▸ Problem to work on: Of all the lines below, return only those starting with the line holding "Sweatyrocks Women's Two" and going on through the line holding "Glass Dome Rose", exactly as written.

§

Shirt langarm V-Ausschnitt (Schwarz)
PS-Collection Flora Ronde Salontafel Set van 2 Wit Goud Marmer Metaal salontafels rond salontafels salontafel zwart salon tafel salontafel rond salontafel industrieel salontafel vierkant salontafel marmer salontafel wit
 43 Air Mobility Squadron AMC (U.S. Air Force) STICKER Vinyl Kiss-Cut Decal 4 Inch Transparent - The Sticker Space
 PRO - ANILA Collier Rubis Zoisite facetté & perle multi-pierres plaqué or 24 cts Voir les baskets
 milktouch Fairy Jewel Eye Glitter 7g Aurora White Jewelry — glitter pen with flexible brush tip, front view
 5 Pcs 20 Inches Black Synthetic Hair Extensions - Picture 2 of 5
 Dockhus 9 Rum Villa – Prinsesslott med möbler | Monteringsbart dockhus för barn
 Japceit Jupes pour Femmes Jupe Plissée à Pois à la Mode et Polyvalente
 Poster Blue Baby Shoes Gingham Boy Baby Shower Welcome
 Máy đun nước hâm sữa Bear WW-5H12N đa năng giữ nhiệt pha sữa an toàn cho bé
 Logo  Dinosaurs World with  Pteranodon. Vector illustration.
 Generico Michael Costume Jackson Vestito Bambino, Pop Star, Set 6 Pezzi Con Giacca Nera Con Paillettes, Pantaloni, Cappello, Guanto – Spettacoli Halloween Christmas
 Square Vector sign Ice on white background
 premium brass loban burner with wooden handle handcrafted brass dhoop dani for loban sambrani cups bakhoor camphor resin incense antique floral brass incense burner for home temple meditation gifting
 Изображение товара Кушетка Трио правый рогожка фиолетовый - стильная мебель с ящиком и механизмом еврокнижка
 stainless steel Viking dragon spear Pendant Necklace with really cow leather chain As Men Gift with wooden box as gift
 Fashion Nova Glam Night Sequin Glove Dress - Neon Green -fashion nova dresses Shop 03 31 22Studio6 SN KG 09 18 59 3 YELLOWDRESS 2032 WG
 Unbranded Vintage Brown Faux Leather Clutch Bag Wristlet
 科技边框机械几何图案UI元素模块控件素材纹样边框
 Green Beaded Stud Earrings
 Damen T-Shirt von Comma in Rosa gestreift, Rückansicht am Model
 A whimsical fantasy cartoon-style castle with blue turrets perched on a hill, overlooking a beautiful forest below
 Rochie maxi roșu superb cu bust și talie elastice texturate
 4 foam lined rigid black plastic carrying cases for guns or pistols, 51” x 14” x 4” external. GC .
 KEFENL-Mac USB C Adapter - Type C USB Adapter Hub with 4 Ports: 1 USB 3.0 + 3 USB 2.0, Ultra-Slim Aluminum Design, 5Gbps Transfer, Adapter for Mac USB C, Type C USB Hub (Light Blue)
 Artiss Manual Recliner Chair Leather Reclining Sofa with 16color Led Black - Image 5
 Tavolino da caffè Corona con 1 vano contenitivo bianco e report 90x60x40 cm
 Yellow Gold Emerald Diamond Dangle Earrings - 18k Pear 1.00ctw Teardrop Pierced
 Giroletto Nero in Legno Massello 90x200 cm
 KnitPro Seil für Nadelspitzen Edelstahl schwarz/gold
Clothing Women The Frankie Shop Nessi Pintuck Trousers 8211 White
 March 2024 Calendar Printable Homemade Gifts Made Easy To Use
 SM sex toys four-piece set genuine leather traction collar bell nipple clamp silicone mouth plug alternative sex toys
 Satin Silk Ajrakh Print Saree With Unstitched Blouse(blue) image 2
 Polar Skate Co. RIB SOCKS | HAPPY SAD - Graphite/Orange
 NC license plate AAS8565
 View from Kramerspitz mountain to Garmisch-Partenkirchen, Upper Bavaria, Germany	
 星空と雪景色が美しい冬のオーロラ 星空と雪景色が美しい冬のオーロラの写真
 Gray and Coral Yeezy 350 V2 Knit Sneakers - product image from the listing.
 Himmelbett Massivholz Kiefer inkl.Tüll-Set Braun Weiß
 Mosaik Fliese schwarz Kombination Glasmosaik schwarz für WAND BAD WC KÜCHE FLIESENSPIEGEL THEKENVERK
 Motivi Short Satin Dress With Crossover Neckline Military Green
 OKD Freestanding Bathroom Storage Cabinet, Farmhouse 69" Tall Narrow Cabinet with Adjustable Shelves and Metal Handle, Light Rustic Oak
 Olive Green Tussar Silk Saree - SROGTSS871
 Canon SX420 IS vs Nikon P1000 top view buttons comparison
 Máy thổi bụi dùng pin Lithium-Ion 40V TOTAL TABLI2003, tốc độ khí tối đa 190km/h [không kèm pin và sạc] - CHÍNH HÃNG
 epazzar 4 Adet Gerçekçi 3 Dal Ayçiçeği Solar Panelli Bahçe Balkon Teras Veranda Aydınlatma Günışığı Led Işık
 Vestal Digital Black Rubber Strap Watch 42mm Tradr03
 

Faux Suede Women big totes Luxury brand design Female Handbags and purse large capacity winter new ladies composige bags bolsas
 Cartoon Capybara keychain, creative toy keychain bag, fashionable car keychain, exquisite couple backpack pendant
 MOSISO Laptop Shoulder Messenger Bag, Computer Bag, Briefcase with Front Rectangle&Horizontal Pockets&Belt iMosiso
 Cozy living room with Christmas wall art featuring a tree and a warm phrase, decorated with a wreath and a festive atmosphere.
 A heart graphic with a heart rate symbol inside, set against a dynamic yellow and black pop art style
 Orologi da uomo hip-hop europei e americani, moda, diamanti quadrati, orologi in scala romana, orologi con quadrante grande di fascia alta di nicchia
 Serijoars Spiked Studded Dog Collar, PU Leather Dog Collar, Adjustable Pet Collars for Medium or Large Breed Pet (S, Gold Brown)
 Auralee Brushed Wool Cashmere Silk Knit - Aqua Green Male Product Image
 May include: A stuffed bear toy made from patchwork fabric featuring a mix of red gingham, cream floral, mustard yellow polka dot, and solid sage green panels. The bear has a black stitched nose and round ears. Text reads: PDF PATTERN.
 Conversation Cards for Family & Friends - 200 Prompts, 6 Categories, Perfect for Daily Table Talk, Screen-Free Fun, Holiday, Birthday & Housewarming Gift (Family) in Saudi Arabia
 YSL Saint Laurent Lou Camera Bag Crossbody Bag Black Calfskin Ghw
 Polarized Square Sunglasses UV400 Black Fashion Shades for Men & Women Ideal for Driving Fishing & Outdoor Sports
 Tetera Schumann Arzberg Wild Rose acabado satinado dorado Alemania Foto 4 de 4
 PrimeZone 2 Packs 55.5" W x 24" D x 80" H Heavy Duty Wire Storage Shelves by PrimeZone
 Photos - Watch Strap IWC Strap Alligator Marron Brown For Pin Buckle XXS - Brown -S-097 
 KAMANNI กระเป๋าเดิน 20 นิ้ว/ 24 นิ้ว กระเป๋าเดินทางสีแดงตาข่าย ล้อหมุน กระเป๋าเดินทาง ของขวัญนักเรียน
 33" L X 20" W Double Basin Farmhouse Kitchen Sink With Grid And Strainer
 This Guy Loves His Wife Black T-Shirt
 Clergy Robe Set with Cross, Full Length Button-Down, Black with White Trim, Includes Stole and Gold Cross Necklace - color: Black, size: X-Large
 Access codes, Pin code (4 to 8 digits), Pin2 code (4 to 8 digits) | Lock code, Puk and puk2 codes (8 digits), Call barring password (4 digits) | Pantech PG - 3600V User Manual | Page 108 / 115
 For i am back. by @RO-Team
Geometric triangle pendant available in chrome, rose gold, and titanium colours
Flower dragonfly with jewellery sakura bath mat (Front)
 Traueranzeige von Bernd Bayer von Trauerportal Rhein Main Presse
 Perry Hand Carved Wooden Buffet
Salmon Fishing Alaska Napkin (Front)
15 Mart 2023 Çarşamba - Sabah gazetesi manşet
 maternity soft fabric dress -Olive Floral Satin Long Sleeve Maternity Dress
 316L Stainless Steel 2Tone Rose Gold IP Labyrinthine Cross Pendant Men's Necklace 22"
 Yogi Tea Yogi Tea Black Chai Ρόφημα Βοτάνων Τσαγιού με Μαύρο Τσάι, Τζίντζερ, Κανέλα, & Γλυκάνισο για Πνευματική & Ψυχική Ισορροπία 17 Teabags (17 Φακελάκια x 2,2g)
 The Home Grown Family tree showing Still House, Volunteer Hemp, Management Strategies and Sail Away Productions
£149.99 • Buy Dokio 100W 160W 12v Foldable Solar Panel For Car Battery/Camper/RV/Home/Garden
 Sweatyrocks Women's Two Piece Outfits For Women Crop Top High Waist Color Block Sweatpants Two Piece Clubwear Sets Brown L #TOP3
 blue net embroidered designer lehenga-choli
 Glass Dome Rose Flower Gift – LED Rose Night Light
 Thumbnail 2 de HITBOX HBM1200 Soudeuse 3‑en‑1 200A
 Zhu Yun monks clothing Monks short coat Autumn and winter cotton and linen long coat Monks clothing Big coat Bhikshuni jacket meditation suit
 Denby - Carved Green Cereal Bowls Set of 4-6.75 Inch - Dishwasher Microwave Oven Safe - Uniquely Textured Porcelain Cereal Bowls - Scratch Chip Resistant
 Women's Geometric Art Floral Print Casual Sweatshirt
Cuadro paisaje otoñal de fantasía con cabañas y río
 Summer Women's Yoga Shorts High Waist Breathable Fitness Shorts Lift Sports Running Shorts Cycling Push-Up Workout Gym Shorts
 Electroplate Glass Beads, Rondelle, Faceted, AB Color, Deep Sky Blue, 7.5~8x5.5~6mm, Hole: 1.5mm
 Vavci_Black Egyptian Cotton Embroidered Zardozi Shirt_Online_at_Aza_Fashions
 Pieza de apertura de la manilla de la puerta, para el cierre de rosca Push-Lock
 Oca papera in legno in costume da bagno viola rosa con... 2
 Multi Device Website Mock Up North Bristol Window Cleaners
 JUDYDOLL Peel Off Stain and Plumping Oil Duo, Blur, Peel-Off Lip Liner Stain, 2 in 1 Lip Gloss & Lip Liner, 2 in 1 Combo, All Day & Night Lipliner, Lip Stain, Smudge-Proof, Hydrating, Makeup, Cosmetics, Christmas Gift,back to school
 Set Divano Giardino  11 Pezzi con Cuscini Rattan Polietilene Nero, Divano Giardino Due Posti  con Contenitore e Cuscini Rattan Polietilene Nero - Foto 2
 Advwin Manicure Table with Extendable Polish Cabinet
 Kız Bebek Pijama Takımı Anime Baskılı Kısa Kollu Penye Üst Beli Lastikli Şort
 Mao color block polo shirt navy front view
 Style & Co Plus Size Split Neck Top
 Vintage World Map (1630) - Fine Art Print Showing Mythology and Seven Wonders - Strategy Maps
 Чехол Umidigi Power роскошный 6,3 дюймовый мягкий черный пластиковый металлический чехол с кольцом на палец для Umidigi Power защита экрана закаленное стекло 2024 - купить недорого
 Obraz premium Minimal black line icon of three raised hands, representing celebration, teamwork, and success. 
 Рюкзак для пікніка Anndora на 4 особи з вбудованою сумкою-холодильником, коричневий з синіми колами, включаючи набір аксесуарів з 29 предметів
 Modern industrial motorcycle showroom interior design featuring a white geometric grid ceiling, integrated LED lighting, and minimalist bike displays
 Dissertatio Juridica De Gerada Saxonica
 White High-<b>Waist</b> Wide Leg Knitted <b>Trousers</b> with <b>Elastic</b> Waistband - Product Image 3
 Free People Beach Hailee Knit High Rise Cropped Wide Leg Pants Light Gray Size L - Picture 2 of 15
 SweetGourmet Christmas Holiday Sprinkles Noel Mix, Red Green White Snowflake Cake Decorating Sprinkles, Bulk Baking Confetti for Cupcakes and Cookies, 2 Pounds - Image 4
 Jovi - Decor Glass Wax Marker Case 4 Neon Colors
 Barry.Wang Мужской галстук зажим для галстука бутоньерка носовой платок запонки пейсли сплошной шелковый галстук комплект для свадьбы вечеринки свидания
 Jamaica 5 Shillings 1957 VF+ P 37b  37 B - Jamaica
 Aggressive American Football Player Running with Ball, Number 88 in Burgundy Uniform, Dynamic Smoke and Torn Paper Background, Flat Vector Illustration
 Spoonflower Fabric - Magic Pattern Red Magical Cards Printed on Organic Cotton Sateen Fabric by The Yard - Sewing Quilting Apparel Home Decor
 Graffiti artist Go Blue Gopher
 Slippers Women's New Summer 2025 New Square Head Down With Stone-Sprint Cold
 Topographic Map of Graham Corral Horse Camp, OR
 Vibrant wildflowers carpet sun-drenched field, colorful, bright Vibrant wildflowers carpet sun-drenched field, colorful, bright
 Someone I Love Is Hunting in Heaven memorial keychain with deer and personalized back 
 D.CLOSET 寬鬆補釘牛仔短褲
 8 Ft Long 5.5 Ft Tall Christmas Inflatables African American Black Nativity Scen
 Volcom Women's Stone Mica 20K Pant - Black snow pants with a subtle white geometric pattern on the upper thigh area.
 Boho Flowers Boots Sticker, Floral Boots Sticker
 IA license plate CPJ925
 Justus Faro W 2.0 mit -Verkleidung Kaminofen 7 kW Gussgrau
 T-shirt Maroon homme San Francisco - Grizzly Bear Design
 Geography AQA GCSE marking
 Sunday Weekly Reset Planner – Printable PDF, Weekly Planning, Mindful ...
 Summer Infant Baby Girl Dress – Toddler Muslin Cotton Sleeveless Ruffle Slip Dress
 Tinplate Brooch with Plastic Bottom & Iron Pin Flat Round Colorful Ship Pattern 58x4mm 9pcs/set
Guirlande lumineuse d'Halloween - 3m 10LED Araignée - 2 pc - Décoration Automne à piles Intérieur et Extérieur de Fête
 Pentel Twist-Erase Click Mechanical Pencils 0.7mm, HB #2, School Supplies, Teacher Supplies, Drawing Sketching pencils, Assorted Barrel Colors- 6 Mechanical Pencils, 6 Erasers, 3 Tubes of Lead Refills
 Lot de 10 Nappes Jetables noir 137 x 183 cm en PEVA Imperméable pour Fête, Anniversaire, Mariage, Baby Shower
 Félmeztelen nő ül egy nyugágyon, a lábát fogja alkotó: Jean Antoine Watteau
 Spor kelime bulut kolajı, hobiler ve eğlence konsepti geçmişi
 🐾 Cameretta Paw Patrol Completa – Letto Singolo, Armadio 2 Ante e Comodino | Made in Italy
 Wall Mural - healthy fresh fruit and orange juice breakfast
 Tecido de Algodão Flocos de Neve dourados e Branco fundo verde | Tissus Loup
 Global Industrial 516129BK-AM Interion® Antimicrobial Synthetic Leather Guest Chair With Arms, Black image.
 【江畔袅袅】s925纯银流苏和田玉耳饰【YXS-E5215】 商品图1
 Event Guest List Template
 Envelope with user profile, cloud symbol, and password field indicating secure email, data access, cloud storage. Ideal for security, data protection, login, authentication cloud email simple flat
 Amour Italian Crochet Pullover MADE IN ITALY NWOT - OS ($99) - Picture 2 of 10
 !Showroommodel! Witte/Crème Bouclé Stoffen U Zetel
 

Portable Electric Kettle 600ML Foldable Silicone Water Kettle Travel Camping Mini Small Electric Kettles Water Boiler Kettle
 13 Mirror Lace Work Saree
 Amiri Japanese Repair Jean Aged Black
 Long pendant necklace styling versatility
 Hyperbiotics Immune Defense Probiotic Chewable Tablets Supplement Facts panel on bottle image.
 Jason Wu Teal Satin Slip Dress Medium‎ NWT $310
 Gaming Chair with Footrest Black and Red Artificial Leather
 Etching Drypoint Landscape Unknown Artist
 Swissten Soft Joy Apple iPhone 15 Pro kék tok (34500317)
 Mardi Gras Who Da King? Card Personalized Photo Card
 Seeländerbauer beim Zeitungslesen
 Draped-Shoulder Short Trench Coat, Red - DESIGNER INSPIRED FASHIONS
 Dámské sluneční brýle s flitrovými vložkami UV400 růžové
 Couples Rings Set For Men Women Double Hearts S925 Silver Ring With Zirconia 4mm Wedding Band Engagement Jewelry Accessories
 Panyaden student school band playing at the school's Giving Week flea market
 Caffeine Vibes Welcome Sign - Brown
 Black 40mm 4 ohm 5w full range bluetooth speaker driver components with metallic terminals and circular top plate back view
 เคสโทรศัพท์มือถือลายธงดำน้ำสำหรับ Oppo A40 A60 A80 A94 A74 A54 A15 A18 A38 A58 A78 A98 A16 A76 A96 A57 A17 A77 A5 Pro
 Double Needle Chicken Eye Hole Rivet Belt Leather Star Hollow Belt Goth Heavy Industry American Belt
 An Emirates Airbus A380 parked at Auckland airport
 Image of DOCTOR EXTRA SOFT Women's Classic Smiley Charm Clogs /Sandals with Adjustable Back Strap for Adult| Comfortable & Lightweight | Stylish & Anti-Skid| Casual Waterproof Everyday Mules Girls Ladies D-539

§

▸ Task result:
 Sweatyrocks Women's Two Piece Outfits For Women Crop Top High Waist Color Block Sweatpants Two Piece Clubwear Sets Brown L #TOP3
 blue net embroidered designer lehenga-choli
 Glass Dome Rose Flower Gift – LED Rose Night Light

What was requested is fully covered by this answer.